Synthesis, physical characterization, and electrochemical evaluation of bimetallic PtNi nanoparticles supported on different pristine carbon materials to evaluate the effect of supports in catalytic activity toward the oxygen reduction to PEM fuel cells

Abstract

The following doctoral thesis work presents a series of studies to address the synthesis, physical characterization and electrochemical evaluation of polyhedral PtNi catalysts supported on different carbon materials for the oxygen reduction reaction (ORR).The main objective of this study is to evaluate the effect on the catalytic activity of pristine carbon supports used in polyhedral PtNi catalysts obtained from a versatile chemical synthesis. In addition, the physicochemical characterization and the electrochemical evaluation of the obtained catalysts were carried out, which is presented through the development of the different stages of this study in the chapters of this investigation. The PtNi nanoparticles were synthesized by a thermochemical reduction route using the hot injection technique of metal precursors using Oleylamine (Oam as reaction agent and shape controller). The synthesis methodology was optimized based on the results obtained where the effect of some of the variables such as temperature, reaction time, and other important factors in the synthesis to obtain our catalysts was observed. As previously mentioned, the carbon supports used in this study were made in their pristine form, that is, they were not subjected to any type of functionalization or surface modification, since generally this type of material on which the catalytic materials are dispersed, are modified by some type of functionalization to improve the dispersion of metallic nanoparticles and favor catalytic activity towards ORR The electrochemical evaluation of the obtained catalysts was carried out to determine their catalytic activity parameters towards the ORR and to determine the effect of the support material on the catalytic activity of our synthesized catalysts.
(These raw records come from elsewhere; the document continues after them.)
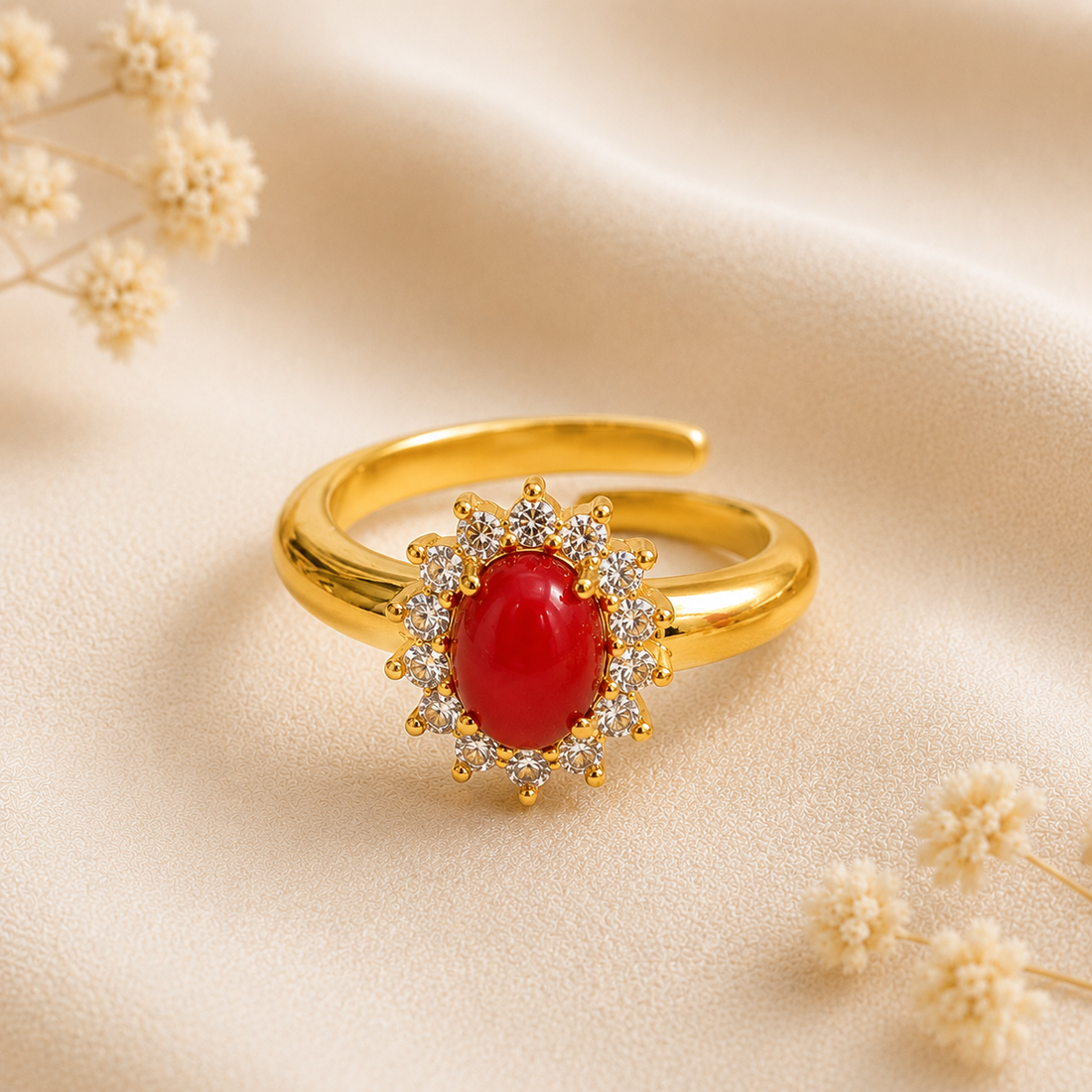 Anello regolabile in Argento 925 placcato oro con cabochon ovale di Corallo Rosso Naturale del Mediterraneo e zirconi bianchi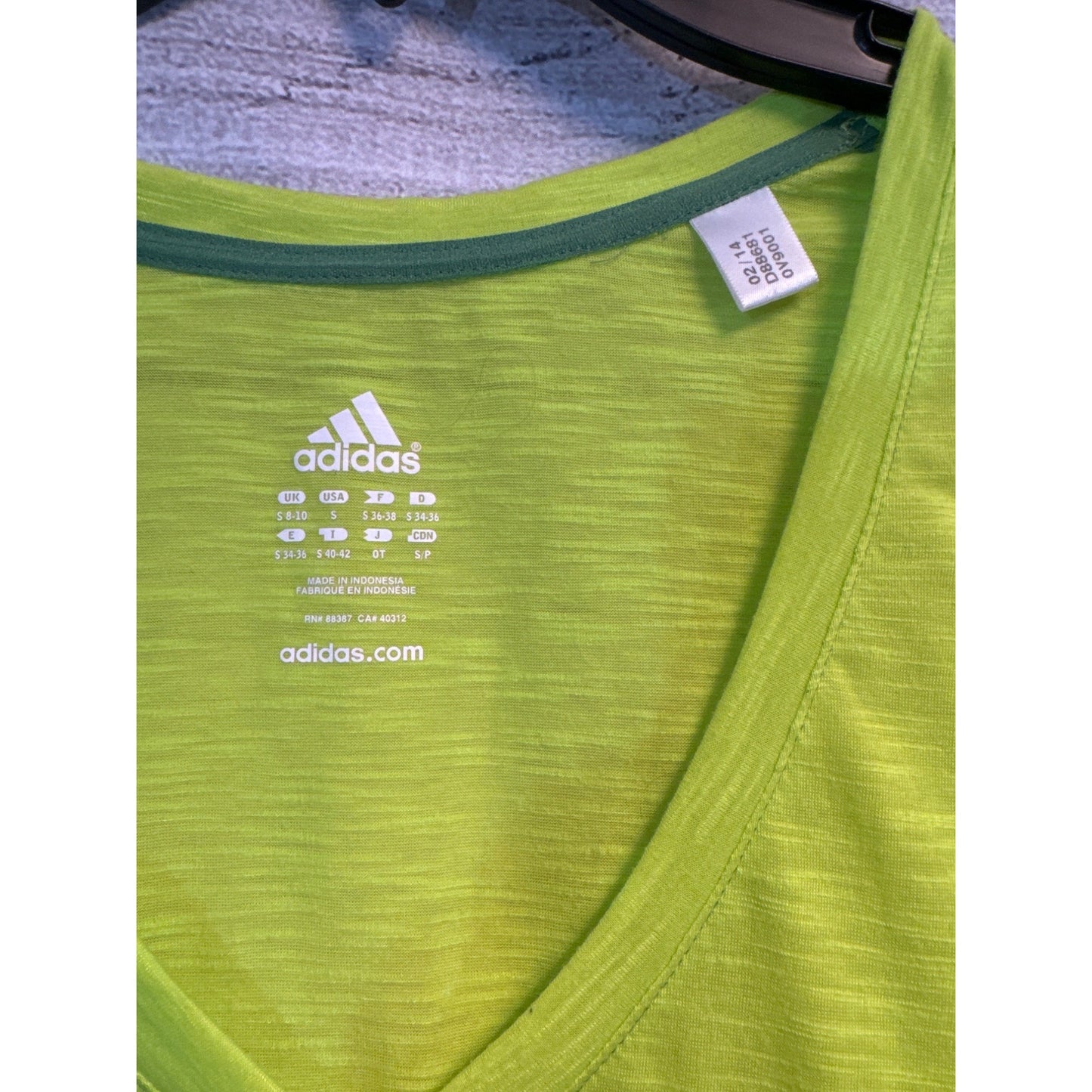 Adidas V-Neck Lime Green Climate Tee Shirt Size M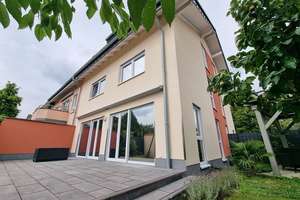 Modernes Einfamilienhaus mit Garten und Garage in Bonn Beuel – Die vollständige Adresse der Immobilie erhältst du vom Anbieter., 53229 Holzlar, Bonn – Vorschaubild 3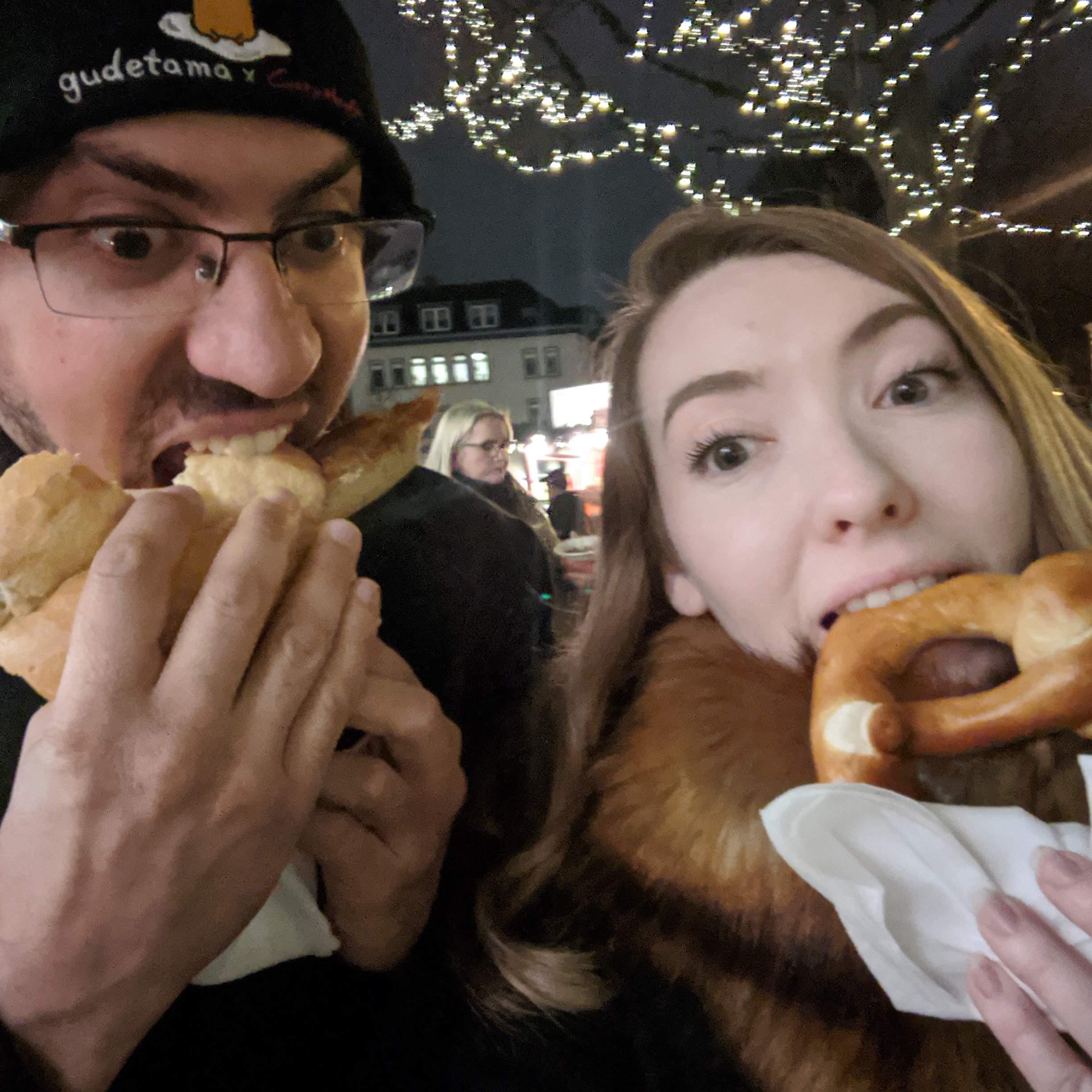 When traveling, eating our top priority. The pretzels in Germany did not disappoint.

Quando viaggiamo, lo facciamo più che altro per mangiare i piatti locali. I pretzel in Germania non hanno deluso.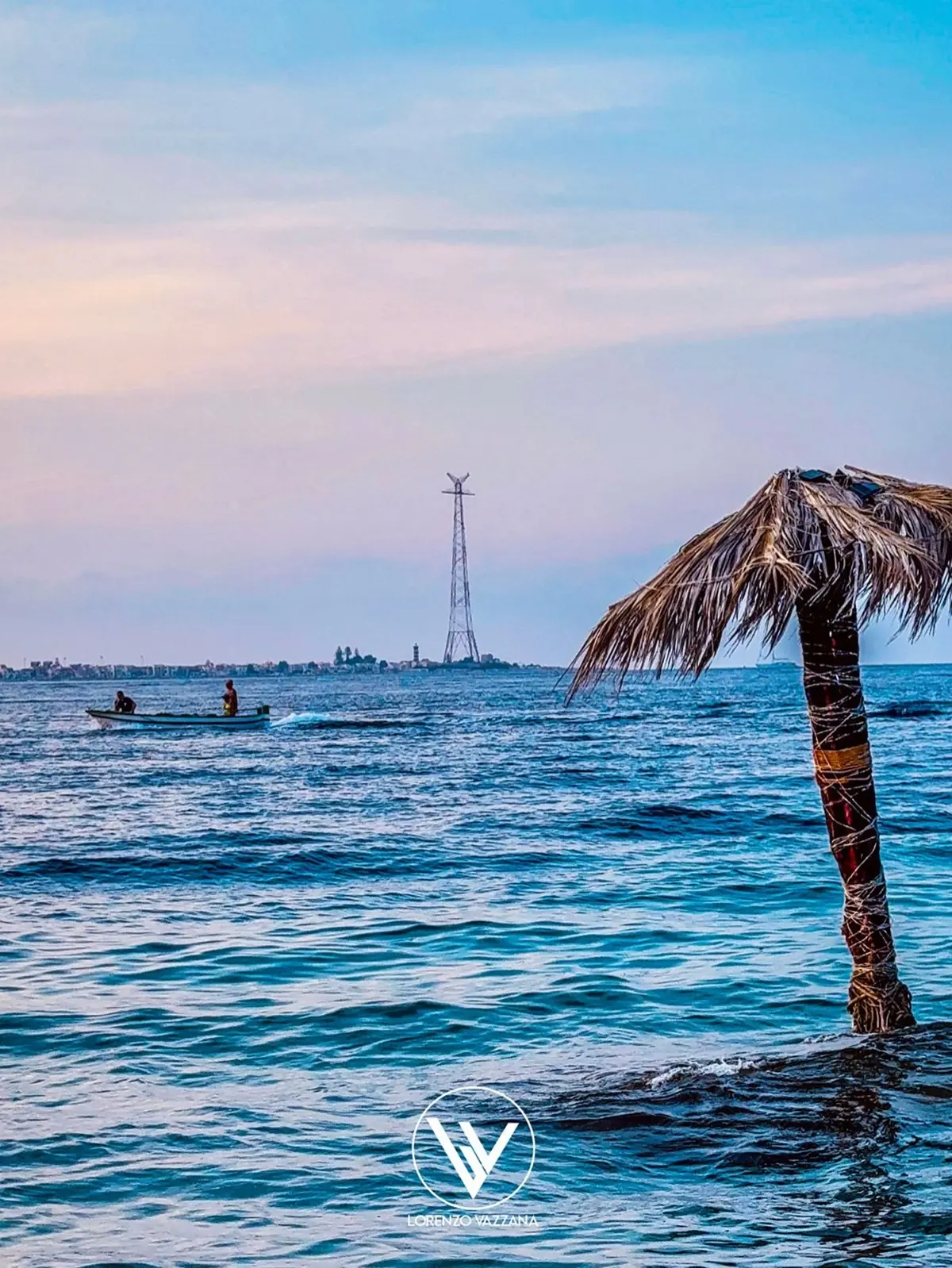 FOTO DEL GIORNO | Tra cielo e mare, un frammento d’eternità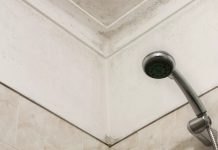 Reforma de banheiro provoca infiltração no apartamento de baixo; veja como descobrir quem deve pagar Infiltrações entre apartamentos exigem investigação técnica para identificar a origem da água e definir quem deve arcar com os reparos.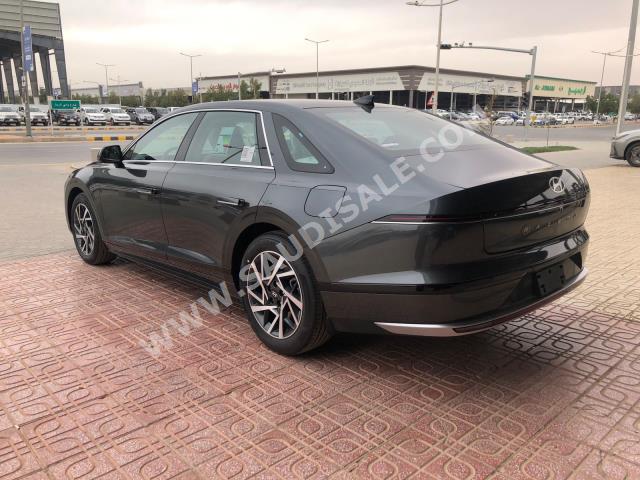 2024 هيونداي ازيرا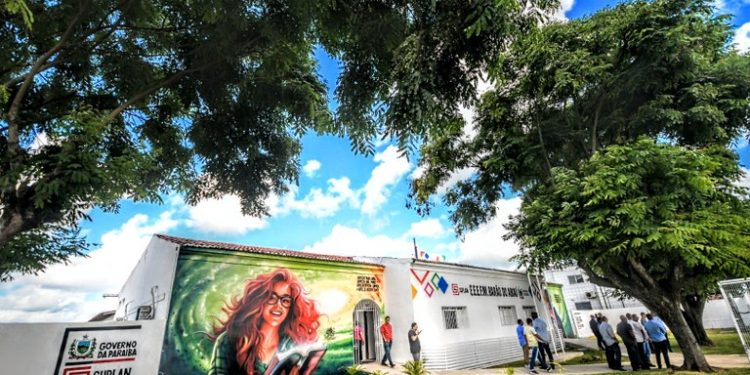 João Azevêdo entrega reforma e ampliação de escolas nos municípios de Alhandra e Sapé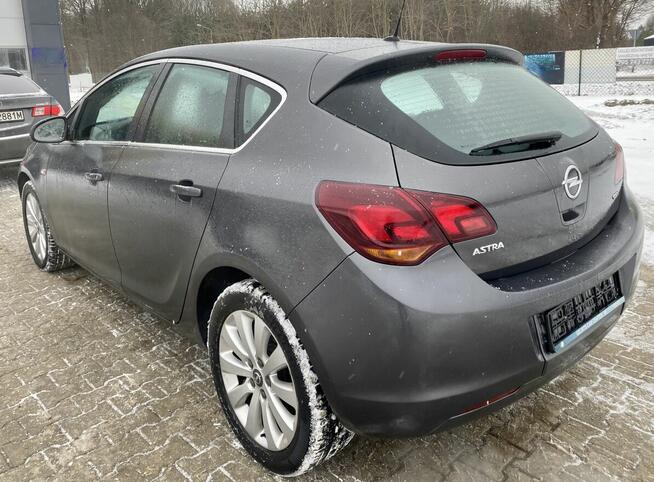 Opel Astra J Cosmo Bezwypadkowa Serwis w ASO FLEXFIX ROWER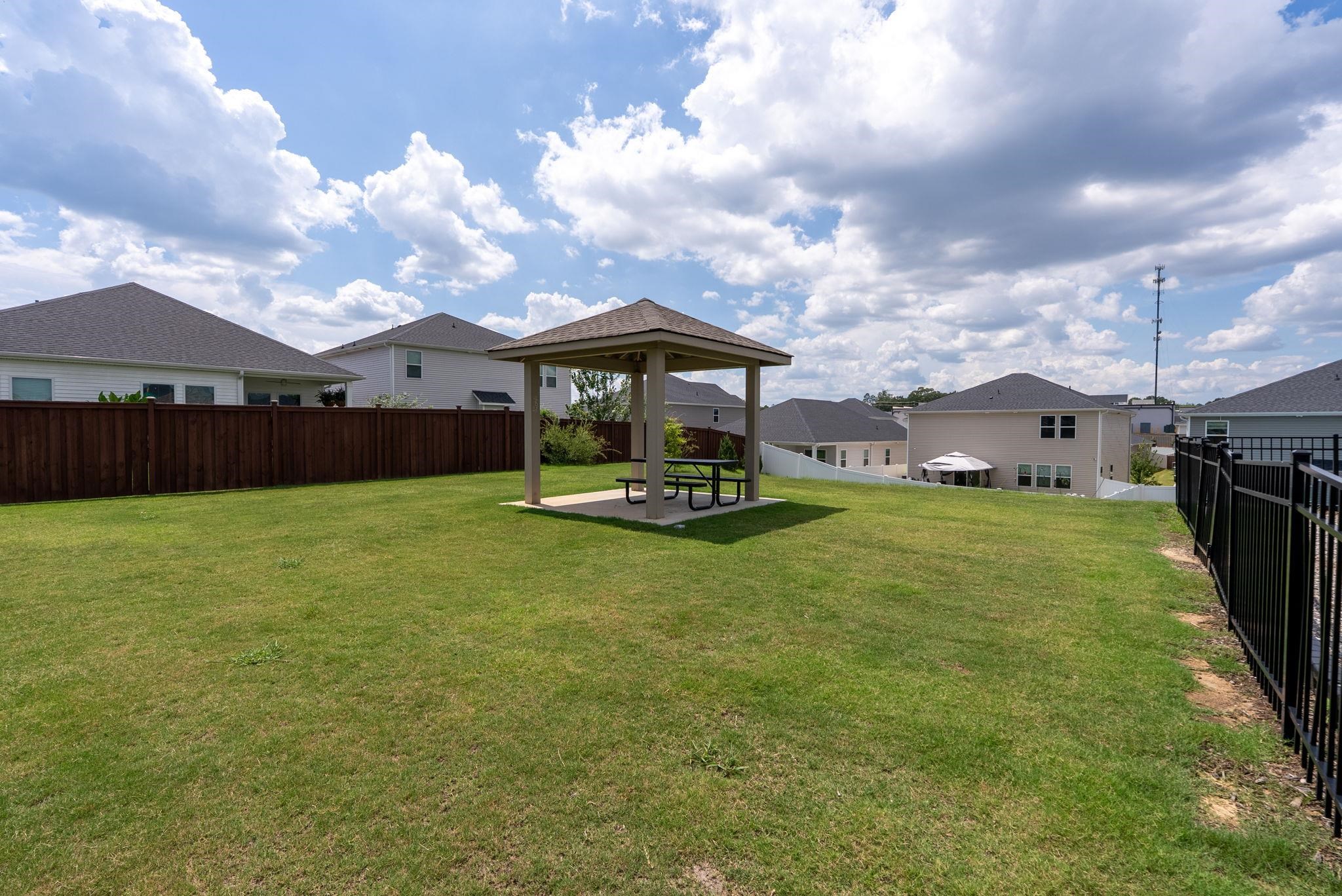 304 Garrison Grove Property Photo 47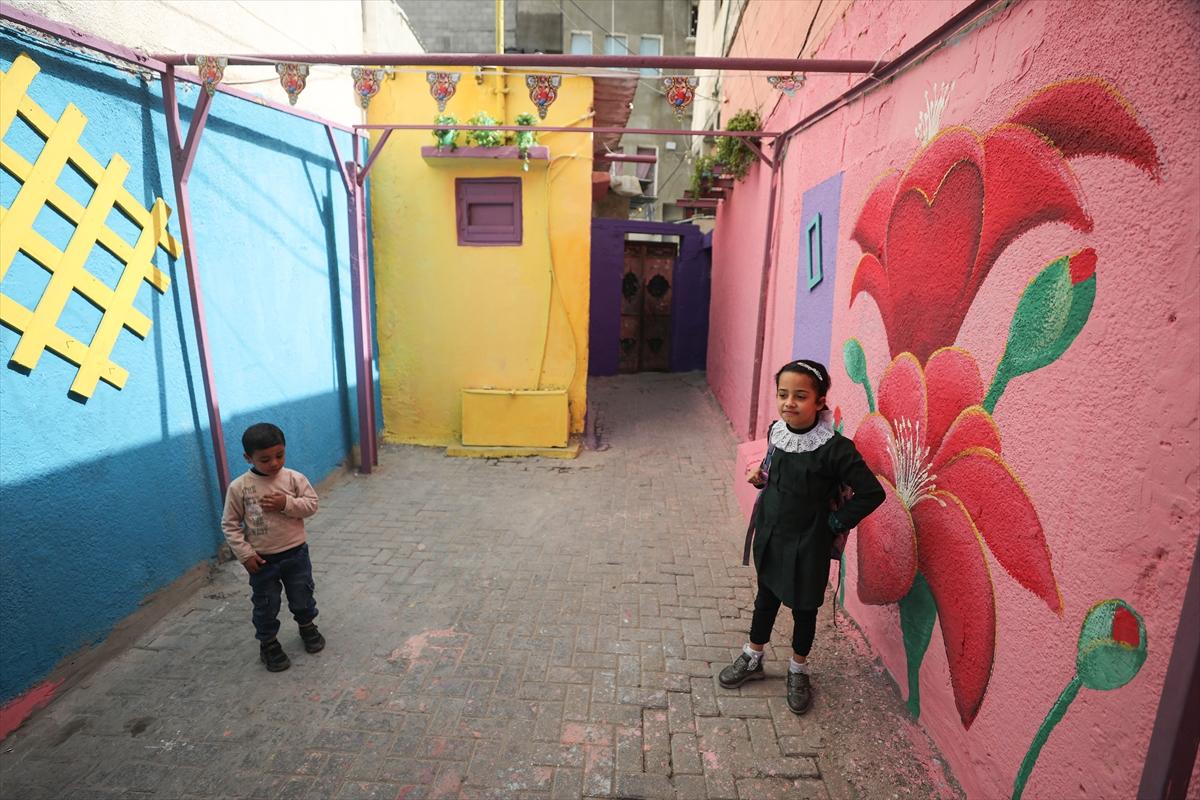 Abluka altındaki Gazze rengarenk! Filistinli sanatçılar, duvarları resimlerle donattı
This work is based on the results of different characterization techniques such as X-ray diffraction (XRD), scanning electron microscopy (SEM), X-ray energy discrimination spectroscopy (EDS) and scanning transmission electron microscopy (STEM). ) and electrochemical evaluations by cyclic voltammetry, CO-stripping and rotating disk electrode. In addition, the experimental observations that can serve as a contribution in the development of future works were made.